Un «sweet spot», expression anglo-saxonne provenant du monde du base-ball, est l'adéquation parfaite de tous les paramètres: le lieu, le moment et la performance réalisée. Pour que l'expérience «sweet spot» soit captivante et unique, le consommateur doit se sentir partie prenante de l'aventure. C'est donc sous la forme d'une plateforme vidéo participative que le site de Nike (nike.com/nikeacg) a été conçu par Duke. Une interface graphique à la fois simple et immersive permet de manipuler un globe terrestre sur lequel des sweet spots sont positionnés. L'internaute accède en un clic à la vidéo du sweet spot sélectionné, qui lui raconte une aventure. La lecture de la vidéo est ponctuée de petites alertes «contextuelles» signifiant à l'internaute que des informations complémentaires sont disponibles. Ainsi, il peut à tout moment interrompre le film pour en savoir un peu plus sur l'athlète, le lieu de tournage, la performance mais aussi sur les produits Nike ACG (All Conditions Gear) portés par le sportif. Les informations contextuelles s'inspirent des codes les plus innovants en matière de mise en scène de contenu vidéo sur le Web. Au travers de ce site, c'est l'expérience digitale qui sert de colonne vertébrale à la communication de Nike ACG. La plupart des vidéos sont ainsi consultables sur de nombreux sites semi-professionnels ou amateurs en rapport avec la montagne, et bien sûr les réseaux sociaux comme Facebook. Le site enregistre environ 200 000 visiteurs uniques par mois. Le temps passé est de cinq minutes environ et le taux de deuxième visite avoisine les 25%.

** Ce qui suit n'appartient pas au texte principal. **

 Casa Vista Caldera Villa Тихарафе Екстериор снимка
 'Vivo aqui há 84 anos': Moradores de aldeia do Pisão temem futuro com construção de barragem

Les «Web TV» animent la toile
Un des premiers sites français à s'être essayé au concept de Web TV a été Chateauonline.com, en 2005. Le site a mis à la disposition des internautes cinq heures d'interviews, soit 90 vidéos. Des exploitants y expliquaient leur méthode de vinification et revenaient sur les caractéristiques de leur produit. La même année, le site marchand Buy.com, spécialisé dans la vente d'ordinateurs, DVD, livres, jeux vidéo... a également lancé un programme de télévision interactive, appelé BuyTV Son but? Présenter l'offre de produits via des animations vidéo. Selon le site, les résultats auraient été exceptionnels, puisque le portail marchand aurait engendré une augmentation des ventes de 319% durant la semaine suivant la diffusion des premiers programmes! Autre site à vouloir profiter du concept de Web TV, La Redoute. Le VADiste place l'internaute au coeur de ses collections (collections-laredoute.fr/#modeEnVideo). Celui-ci peut réagir et poster son propre avis. Des évolutions à suivre.